The quintessentially Californian artist Ed Moses deemed himself “a mutator.” The moniker was intended to describe his ever-evolving style, but it also captures something of the semi-psychedelic spirit Moses brought to his energetic, boldly colorful paintings for decades, until his death in 2018.
Moses was born in Long Beach, California, in 1926, and studied at the University of California, Los Angeles, before emerging as one of the most influential artists in the postwar West Coast art scene, which winked at its New York counterpart with a rascally sense of wit and fun.
Moses showed with Los Angeles’s legendary Ferus Gallery, founded by Walter Hopps and Ed Kienholz, and known for showing “Cool School” artists Larry Bell, Billy Al Bengston, Ed Ruscha, and Ken Price, among others.
Now, a wintery, locked-down London is getting a jolt of Moses’s decidedly West Coast abstractions in the form of the new exhibition “Whiplines, Waterfalls and Worms,” on view at Mayfair’s JD Malat Gallery.
With works made during the last two decades of the artist’s life, the exhibition is a whirlwind of color and mark-making.
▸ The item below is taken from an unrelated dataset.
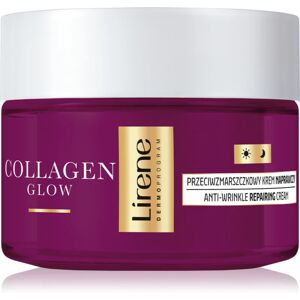 Lirene Collagen Glow 70+ age-defying and repairing cream to nourish the skin and maintain its natural hydration 50 ml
Moses’s pigments are applied with a characteristic sense of urgency and awe.
As the exhibition title suggests, these abstract works bring to mind certain effects of nature. With pulsating blacks and red, Ocnaf (2008) reads like the blaze of a forest fire, while Alping (2007) offers a high energy collision between white and blues—like snow or the foam of surf hitting a bright blue sky. Another work, Cuarto Porto, is like lava.
“Moses took inspiration from various sources, such as Buddhism, the open spaces of his Venice, California, studio as well as what he called, his daily ‘habit’ of painting,” said the gallery in a statement. Moses’s tools, too, were unconventional: mops, hoses, and rubber scrapers all played a part.
Andy Moses, the artist’s son, helped assemble the London exhibition. An artist himself, Andy had his first UK exhibition with JD Malat last year. A video accompanying the show details how it came together between the artist and the gallery.
In the middle of a long winter, the show is a startling reminder of nature’s awesome energy.